By Fritz Hahn
Washington Post Staff Writer
Friday, March 4, 2011; T06
Though I was born in January, I'm not a fan of winter. I enjoy a warming cocktail in front of a crackling fire. But freezing rain and bitingly cold wind? No thanks.
Although the temperatures are starting to show some promise of warmer weather to come, I know it's still a long time until we can cross the bridge for Memorial Day weekend. And so, to help us get to that point,
I decided re-create some of my favorite beach experiences now.Step One: Beach drinks
On the Delmarva shore, no drink is as synonymous with summer as the Orange Crush. The recipe varies with the bar, but it's usually a mix of orange vodka, triple sec, Sprite and juice from a whole orange. (Of all the variations, I'm partial to the ones that substitute fresh grapefruit.)
In search of fun beach drinks instead of the more ubiquitous Trader Vic-style tropical cocktails, I headed for Mango Mike's in Alexandria. Mango Mike's boasts a sister bar on the boardwalk in Bethany Beach, where you can watch the waves roll in from the second-story deck while sipping frozen drinks. I've been to the Duke Street bar before, but I'm more used to visiting in patio-friendly weather, when it's possible to sit outside on an Adirondack chair under a palm tree and sip a pina colada from a coconut husk.
The interior has the campy beach-vibe atmosphere - a corrugated metal roof over the bar, plastic leis, aquariums filled with brightly colored fish - though the lighting was a little dim for a Friday night, and the only seats friends and I could find at happy hour were near a large fireplace in the lounge, which wasn't exactly what we were looking for. At least the drink menus are roughly the same: The frozen, electric-orange Mangorita, which is $2.95 from 4 to 7 p.m. on weeknights, is a sweet, fruity mango-based margarita with no hint of the tequila therein. (Despite the name, the ones we tried on a recent trip could have used more mango.) The Orange Crush is respectable, though, if a little thin. The fiery jerk wings and coconut-covered shrimp didn't disappoint, and the drinks offered just the kick we needed.
4580 Duke St., Alexandria
Step Two: Pounds of shrimp, pitchers of beer
Whether you're in Ocean City or Rehoboth, one of the most popular happy-hour themes revolves around a pound of steamed shrimp cooked in Old Bay, served with a pitcher of beer. (Pepper's Tavern on the Ocean City boardwalk is a favorite.)

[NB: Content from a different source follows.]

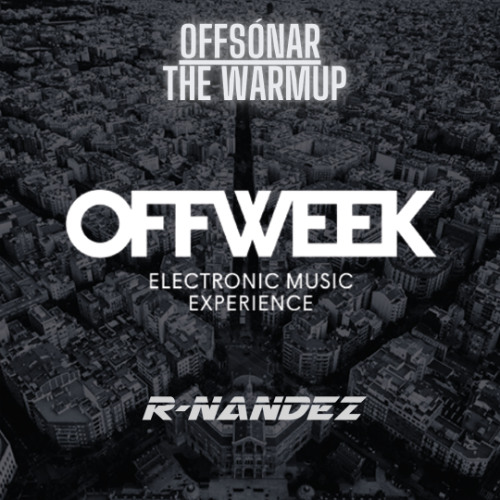 OFFSONAR OFFWEEK BARCELONA 2025 THE WARMUP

I'd been looking for a similar deal in the District, but hadn't found anything until I stopped into the freshly reopened Argonaut. A devastating fire last summer took out the kitchen and most of the downstairs bar at the English-inspired pub, and as part of the reconstruction, the owners have made a number of improvements - moving the bar to open up the dining area, adding new draft lines and increasing the size of the kitchen.
The new menu includes "steamer baskets" - a pound of steamed shrimp comes with two ears of corn on the cob and a small pile of red potatoes for $23. Throw in a pitcher of the house beer (Redhook IPA) for an additional $12 and you've got a good-size happy-hour feast for three or four people.
Service was an issue when the Argonaut fully reopened last month; I'm not sure the staff was ready for the rush of people who wanted to welcome the bar back. It can still be a little slow, especially if your table is upstairs, but it's not a deal-breaker - especially with a pile of shrimp in front of you.
1433 H St. NE
Step Three: Taco happy hour
If you've ever spent any time in Dewey Beach, you know that the Friday night Taco Toss at the Lighthouse is the quasi-official start to the weekend. For the uninitiated: It's not a food-fight mess, but rather a happy hour with dirt-cheap tacos and nachos and $2 draft beers.
The Front Page is legendary for its Thursday intern party scene; the bar is slammed with 20-somethings jostling to grab Corona and Miller Lite bottles for $2 each, then heading into another room to wait in line for a plate of tacos. DJs spin from 10 p.m. on, and drink specials go until 12:30 a.m., making it one of the city's choice spots to welcome the weekend.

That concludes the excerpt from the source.